I know that I spend much of my time raising a hallelujah and I still do that but I would be remiss if I did not take a moment to acknowledge that there are precious children of God that are hurting and they are in need of whatever grace, whatever hope we can offer them. I have learned not to waste my darkness because it just may lead someone out of theirs and into the light.
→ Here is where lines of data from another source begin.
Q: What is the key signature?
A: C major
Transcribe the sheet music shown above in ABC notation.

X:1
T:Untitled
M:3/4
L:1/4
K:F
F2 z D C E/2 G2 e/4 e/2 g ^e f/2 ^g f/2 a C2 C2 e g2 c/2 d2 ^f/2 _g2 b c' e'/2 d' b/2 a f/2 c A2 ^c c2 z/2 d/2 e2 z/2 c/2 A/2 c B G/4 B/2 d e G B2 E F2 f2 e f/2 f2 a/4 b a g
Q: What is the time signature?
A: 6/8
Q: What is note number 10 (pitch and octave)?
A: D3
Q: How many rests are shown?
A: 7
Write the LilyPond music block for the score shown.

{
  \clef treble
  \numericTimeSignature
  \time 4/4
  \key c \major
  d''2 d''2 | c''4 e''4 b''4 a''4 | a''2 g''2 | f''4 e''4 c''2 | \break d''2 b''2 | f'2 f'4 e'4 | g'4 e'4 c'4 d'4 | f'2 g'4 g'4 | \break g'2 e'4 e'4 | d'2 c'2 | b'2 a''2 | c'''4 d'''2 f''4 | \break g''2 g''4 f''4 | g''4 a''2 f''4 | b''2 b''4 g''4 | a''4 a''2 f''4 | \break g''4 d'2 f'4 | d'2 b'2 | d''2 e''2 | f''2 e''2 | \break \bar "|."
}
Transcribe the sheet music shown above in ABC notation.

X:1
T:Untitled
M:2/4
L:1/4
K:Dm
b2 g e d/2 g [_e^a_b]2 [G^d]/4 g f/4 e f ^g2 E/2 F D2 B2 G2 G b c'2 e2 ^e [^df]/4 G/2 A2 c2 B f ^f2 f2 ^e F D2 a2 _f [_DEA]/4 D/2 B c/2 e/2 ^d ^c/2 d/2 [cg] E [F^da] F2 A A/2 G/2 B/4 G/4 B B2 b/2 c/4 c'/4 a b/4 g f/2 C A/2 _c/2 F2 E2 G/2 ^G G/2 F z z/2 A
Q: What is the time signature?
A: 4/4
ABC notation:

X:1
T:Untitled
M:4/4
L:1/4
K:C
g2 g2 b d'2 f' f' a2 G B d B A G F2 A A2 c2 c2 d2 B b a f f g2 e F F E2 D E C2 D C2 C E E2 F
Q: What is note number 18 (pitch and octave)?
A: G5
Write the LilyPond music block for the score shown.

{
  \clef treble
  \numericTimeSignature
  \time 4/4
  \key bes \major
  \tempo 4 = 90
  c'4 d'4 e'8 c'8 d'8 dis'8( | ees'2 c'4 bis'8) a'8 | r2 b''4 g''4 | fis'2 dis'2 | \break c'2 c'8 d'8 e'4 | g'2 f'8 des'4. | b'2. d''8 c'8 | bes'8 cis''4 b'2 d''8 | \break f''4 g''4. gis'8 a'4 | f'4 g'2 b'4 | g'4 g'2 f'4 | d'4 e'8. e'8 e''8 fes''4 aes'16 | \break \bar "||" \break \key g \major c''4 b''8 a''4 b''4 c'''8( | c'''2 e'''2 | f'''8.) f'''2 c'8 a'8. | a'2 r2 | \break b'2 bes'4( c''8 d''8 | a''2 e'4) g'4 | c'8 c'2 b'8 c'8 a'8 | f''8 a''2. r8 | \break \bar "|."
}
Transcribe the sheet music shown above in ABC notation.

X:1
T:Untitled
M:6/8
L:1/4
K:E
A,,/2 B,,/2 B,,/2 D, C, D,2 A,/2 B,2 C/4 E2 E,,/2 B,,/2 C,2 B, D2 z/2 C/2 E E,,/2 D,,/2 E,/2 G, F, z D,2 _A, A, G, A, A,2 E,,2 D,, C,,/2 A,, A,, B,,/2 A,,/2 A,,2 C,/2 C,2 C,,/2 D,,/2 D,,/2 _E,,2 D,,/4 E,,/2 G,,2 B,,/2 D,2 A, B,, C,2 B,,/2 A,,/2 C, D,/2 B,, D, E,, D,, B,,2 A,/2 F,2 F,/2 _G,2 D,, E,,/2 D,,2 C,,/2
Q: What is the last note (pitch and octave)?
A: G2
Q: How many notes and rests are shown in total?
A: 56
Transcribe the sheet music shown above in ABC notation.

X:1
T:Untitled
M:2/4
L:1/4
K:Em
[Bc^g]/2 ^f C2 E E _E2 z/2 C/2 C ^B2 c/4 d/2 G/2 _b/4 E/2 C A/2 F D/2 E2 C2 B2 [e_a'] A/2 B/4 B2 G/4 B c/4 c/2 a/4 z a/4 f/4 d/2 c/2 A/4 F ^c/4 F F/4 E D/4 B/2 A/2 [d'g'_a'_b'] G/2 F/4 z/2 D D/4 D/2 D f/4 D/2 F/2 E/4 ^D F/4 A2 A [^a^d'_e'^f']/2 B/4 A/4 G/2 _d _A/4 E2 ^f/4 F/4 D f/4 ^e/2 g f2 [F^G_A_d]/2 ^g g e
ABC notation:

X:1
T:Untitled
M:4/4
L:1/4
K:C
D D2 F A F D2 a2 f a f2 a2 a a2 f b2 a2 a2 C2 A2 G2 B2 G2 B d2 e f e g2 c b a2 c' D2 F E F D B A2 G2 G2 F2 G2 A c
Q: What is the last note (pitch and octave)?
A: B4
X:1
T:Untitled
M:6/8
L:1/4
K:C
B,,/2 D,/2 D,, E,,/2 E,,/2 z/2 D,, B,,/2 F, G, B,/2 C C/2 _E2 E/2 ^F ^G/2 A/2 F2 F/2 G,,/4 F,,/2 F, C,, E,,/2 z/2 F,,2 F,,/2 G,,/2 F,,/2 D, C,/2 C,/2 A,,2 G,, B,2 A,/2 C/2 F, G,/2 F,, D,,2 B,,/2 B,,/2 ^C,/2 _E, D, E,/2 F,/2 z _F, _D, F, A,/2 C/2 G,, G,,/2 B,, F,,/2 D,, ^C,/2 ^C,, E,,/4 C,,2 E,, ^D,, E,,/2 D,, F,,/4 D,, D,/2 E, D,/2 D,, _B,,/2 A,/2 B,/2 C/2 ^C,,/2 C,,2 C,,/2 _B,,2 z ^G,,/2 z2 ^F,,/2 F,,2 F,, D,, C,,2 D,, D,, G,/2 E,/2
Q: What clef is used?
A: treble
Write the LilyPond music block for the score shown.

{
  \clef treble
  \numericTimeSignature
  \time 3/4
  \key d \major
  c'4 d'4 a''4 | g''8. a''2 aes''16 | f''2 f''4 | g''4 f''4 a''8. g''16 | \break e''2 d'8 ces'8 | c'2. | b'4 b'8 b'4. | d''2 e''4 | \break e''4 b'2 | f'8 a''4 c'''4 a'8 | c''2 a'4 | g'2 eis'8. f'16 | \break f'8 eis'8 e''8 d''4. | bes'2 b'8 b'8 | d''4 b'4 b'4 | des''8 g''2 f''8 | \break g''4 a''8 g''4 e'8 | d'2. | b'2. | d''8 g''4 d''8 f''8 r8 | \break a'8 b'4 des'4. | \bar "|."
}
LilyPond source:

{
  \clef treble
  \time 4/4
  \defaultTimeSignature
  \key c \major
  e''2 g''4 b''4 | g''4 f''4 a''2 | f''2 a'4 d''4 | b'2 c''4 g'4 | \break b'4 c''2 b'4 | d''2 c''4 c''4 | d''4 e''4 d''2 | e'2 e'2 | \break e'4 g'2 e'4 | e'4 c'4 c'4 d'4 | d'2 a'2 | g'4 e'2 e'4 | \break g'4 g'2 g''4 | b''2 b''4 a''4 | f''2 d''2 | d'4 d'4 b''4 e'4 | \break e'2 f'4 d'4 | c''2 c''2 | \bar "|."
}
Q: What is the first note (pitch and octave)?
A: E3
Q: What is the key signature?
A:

Oh, how I love you. Oh, how God loves you. So many love you. We are marching through this time together. Grateful to share all of me with all of you!!
Karen

Well…..that hit home for me! Instead, I was like your mother dealing with a alcoholic husband. 30 yrs of a roller coaster marriage, had its toll on me. Depression not only hit me but a couple of my children as well! Like your father, my husband Tim died at a early age of 50. My children were embarrassed many times by their father, he wasn’t always the nicest drunk. The strangest thing happened after he passed, I felt a weight was lifted off my shoulders but….. Unfortunately 2 of my 5 children inherited his addicted behavior, alcohol was Rachelle’s problem and Meth/drugs got the best of my only son Stefan. Alcohol lead to Rachelle’s demise with a bad choice she made that night, that sent her to Heaven in the early morning. Her death broke me, sent me spiraling into another depression, sometimes blaming myself for staying in a very dysfunctional marriage, you know all the what if’s. Now, Stefan is clean but not without being punished for taking his sister Rachelle’s truck for a 3 day joy ride, tough love landed him with a 5 yr prison sentence and now considered a felon, his sentence was ridiculous, Rachelle didn’t press charges, but the state took over and made a example out of him. He deserved to be punished and he is regretful for his crime. He didn’t even get to say good bye to his sister Rachelle because he was in prison, that hit him hard. When I went to see him, I just held him close, he was in disbelief. I thank God for putting Pete in my life after Tim died, he definitely has stood behind me and held me up through it all. Life has definitely changed for me but I’m still pushing forward. Stefan will be home by Thanksgiving this year and I’m thrilled. The thing that also means a lot to me is Jocelyn and Jett, they are what I have left of Rachelle and all the time I get with them is most precious to me. Karen, there are so many people like us, they just need to see what we see, God is with us all the time, the good and the bad.